Google Cloud Spanner
- Pick compound keys with a low-cardinality leading column to avoid hotspotting.
- Use `INTERLEAVE IN PARENT` to colocate child tables and remove cross-shard joins.
AWS Aurora (MySQL)
- Use `aurora_lab_mode=1` to unlock parallel query for fan-out selects.
- Prefer hash-partitioned Aurora Serverless v2 with auto-scaling capacity units.
MongoDB
- Always shard collections before they reach 256 GB.
- Enable `balancer` window outside business hours; set `chunksize` ≤ 128 MB.
Testing
- Synthetic data generator must mimic real cardinality; verify `EXPLAIN` shows single-shard routing ≥ 95 % queries.
- Chaos test every quarter: randomly kill a shard node and assert < 30 s recovery.
- Load test re-shard procedure; target < 5 % tail latency degradation.
Performance
- Cache shard-mapping metadata in-memory (TTL 60 s) to avoid directory lookups.
- Use client-side parallel scatter-gather only for read-only analytics and cap concurrency to 8 shards/request.
- Monitor: p99 latency, row count per shard, chunk imbalance ratio (< 1.3 ideal).
Security
- Encrypt data in transit with mTLS between app ↔ shard.
- Use per-shard KMS keys; rotate every 90 days.
- Grant `SELECT` on remote shards only to analytics role.
Observability
- Log shard key + latency in structured JSON: `{shard:12, op:"SELECT", ms:37}`.
- Alert if any shard’s disk utilisation > 80 % or latency > 2× cluster median for 10 min.
Directory & Repository Conventions
- `database/ddl/` – declarative CREATE/ALTER statements per table with shard metadata.
- `database/shard-router/` – library exposing `route(key) -> shard_id`.
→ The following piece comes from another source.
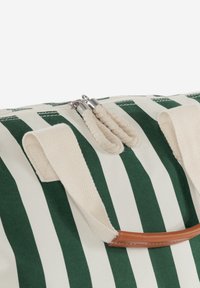 Borsa in tela a strisce verde e crema, con chiusura a zip, tasselli intrecciati e un accento in pelle marrone sul manico.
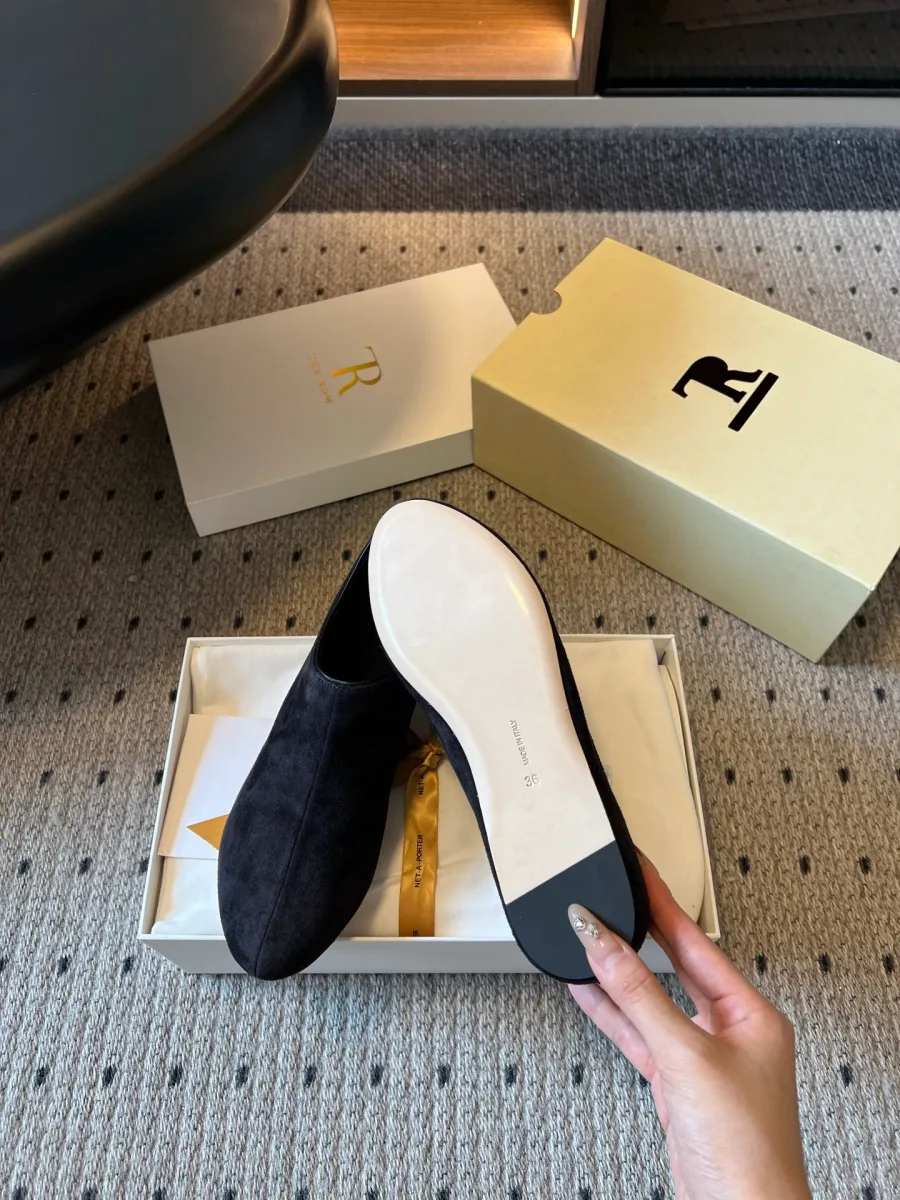 Чёрная туфля с демонстрацией бежевой кожаной подошвы на фоне упаковки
- `ops/scripts/` – automated rebalancing & migration scripts.
Examples
Hashed Shard Key in Postgres 15
```sql
CREATE EXTENSION IF NOT EXISTS pgcrypto;
CREATE TABLE users (
user_id UUID PRIMARY KEY DEFAULT gen_random_uuid(),
hashed_shard INT GENERATED ALWAYS AS (mod(abs(('x'||substr(encode(user_id, 'hex'),1,16))::bit(64)::bigint), 16)) STORED
) PARTITION BY HASH (hashed_shard);
```
Application-side Routing (TypeScript)
```ts
const SHARDS = [
{ id: 0, pool: pgPool0 },
{ id: 1, pool: pgPool1 },
// ...
];
export function route(key: string) {
const hash = murmurHash64(key) % SHARDS.length;
return SHARDS[hash];
}
```
Always document shard key rationale and link to `decision-records/ADR-042-shard-key.md`.